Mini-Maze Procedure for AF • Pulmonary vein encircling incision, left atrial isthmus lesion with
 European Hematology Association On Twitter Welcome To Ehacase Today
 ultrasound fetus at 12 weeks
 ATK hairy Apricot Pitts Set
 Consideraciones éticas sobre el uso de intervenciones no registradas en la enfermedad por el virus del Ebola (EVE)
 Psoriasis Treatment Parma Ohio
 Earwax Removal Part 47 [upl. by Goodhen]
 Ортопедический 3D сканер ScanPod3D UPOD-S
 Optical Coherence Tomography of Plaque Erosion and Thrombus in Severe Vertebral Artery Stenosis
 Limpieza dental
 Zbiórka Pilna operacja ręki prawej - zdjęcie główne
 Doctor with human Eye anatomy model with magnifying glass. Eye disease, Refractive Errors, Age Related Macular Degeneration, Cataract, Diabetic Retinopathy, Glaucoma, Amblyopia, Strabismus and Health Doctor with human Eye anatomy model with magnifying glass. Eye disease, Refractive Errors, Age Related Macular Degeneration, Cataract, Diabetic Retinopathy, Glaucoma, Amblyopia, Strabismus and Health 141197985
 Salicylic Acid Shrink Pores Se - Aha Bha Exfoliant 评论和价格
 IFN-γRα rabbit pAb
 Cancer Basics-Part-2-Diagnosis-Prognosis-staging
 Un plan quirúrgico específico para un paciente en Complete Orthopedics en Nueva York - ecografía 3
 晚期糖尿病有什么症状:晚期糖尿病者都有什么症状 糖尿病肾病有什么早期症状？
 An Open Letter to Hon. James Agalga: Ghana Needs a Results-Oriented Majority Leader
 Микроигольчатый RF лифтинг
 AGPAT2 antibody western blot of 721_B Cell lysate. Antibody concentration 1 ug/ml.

> _WHAT YOU WILL DO_
From the records given above, copy all lines containing "Part".

> _OUTPUT OF THE TASK_
 Earwax Removal Part 47 [upl. by Goodhen]
 Cancer Basics-Part-2-Diagnosis-Prognosis-staging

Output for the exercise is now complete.